Auch wenn "Jaim" keine Blaupause dafür ist, was Andrea auf den folgenden elf Songs zusammenpuzzelt, dafür ist das Album insgesamt zu divers aufgestellt, ziehen sich die verschiedenen Elemente wie ein roter Faden durch "Due In Color". Für die Grundierung sind oftmals weiche, schwerelose Synth Pads gewählt, die eine diesige, unwirkliche Atmosphäre aufziehen und zusätzlich schon in jenen tieferen Schichten die melodische Basis in Stellung bringen. In der Zwischenebene stehen dicke Basspfeiler für die schlabbernden Hosenbeine - sofern man überhaupt noch Hosen trägt, mein Mitgefühl - und den Groove, wie beispielsweise in "Sephr", das wie ein in Stahlbeton gegossenes Dubstep-Monster durch ein Sumpfgebiet walzt, oder als Antithese in "Chessbio" die Umgebung für ein leichtfüßiges, angejazztes Spiel mit Cymbals in den Obertönen liefert.
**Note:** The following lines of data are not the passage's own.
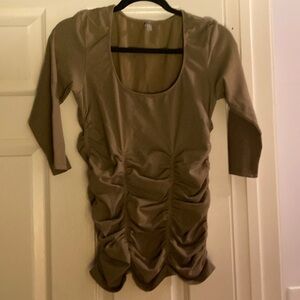 Last Tango M/L scoop neck ruched army green fitted long sleeve top shirt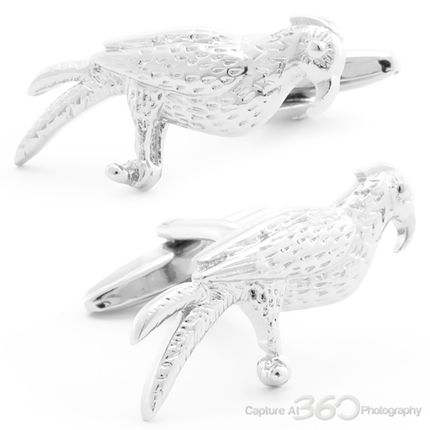 Silver Exotic Parrot Cufflinks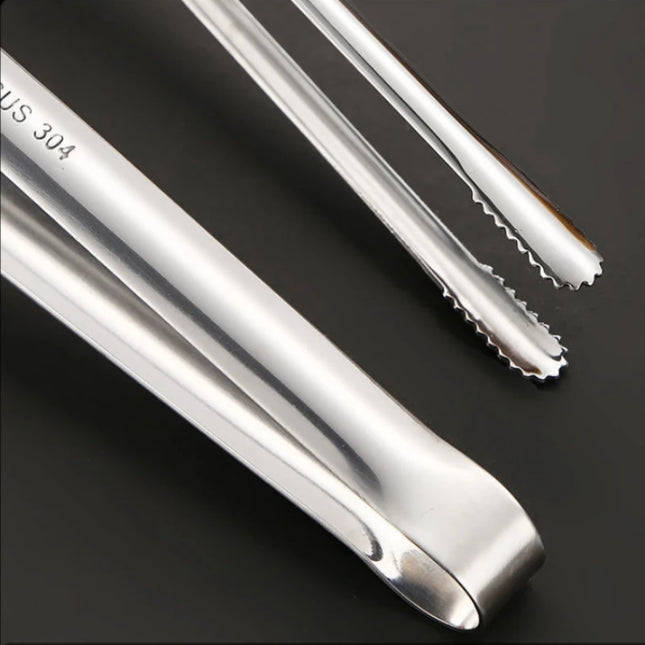 2Pcs Kitchen Tongs Stainless Steel Barbecue Tongs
Am Ende der Klangpyramide stehen die unwiderstehlichen jazzy Beats, die sich verspielt und tänzelnd wie ein Hochamt des Nu Jazz durch eine Hanfplantage fräsen. Ein solcher Höhepunkt ist "Ress", eine kühl funkelnde Broken Beat-Endorphinschleuder, sowohl für einen introspektiven Sonntagmorgen im Frühling als auch beim Klosteinschniefen in Clubatmosphäre funktioniert. Wer anschließend noch das Feld mit den besinnlichen Ambient-Schwingungen entdecken möchte, taucht in "Dove Mai" und "Return Lei" ein: Ersterer eine Blubberparade mit Unterwasservibes, die so magisch arrangiert ist, dass sich die sechsminütige Spielzeit gefühlt mindestens halbiert, letztgenannter der mit kontemplativer Grandezza infusierte Abschlusstrack mit weitläufigem Blick über die vorangegangenen 65 Minuten, der sogar ein klein wenig an die wolkigen Klangungetüme von Brock van Wey's bvdub erinnert. 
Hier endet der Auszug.